Data section:
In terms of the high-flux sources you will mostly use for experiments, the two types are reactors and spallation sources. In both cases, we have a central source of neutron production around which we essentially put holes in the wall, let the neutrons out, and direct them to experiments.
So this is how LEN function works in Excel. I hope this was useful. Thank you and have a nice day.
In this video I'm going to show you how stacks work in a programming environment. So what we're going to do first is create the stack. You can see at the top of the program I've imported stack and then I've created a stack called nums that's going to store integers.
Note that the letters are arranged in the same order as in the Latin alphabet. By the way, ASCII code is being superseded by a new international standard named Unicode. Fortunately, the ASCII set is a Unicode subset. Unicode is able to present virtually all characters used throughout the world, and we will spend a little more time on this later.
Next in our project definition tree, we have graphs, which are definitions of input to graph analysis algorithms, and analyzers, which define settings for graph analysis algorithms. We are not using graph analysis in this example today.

==

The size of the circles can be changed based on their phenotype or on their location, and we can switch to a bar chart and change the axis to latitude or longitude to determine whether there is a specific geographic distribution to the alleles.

Problem details:
For this task, write out exactly the lines of the entries above, starting at the line with "So this is how" and ending at the line with "In this video", both included, and no others.

Completed task:
So this is how LEN function works in Excel. I hope this was useful. Thank you and have a nice day.
In this video I'm going to show you how stacks work in a programming environment. So what we're going to do first is create the stack. You can see at the top of the program I've imported stack and then I've created a stack called nums that's going to store integers.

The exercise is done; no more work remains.